I realise that the variable is undefined but how and where do I define it??

Can any explanations please be written in words of one syllable so that a complete moron (like me!) can understand.

Many thanks

Lizzy

 

[Vragabond]

You can simply define it anywhere in the php script prior to where it appears. Like so:

$view = '';

However, clearly $view should be something meaningful and we cannot tell what from what you told us. If I would be making wild guesses, $view is sent through the address line and so you should change all your $view occurances with [tt]$_GET['view'][/tt]. Or, if you want an easy way out, try:

$view = $_GET['view'];

 

[BizzyLizzy]

Thanks for the quick reply!. However that error message turned out to be a bit of a red herring! We have a configuration problem with PHP somewhere along the line. I have uploaded the site to a webserver I use for testing and all is fine there. Its just when I try to run it locally that I get the problem.

I thought it might be an apache config problem but I get the same issues running it on IIS as well which narrows it down somewhat to PHP!

So if anyone has any further ideas of what config areas I should be looking at I would be enormously grateful.

Its a bit of a pain when developing or in my case rewriting a website to have to upload it each time you want to see what it looks like!

Ah well at least I can now get on with writing the new content.

Cheers

Lizzy

 

[Vragabond]

Since you still did not provide any information as to where variable $view should actually be coming from and since you say it works with another configuration, I am pretty sure it is what I predicted it to be.

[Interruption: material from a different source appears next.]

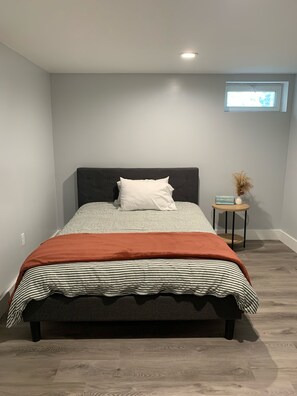 4 عدّة غرف نوم ومكتب وواي فاي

It works on production server because it has register globals turned on, which means that $view exists because it is picked up from address line (or some other means of transporting variables between pages). That is a poor choice from the server admin, because leaving register globals on is a serious security hole. Read here why:

http://at2.php.net/manual/en/security.registerglobals.php

Your server, probably bundled with newer version of php (in newer versions register globals is off by default where it was on before), has register globals set to off and therefore has no idea what $view is meant to be. As before, I am asking you to tell me where $view is coming from. And as before, I am assuming it is coming from the address line and should be $_GET['view'] instead.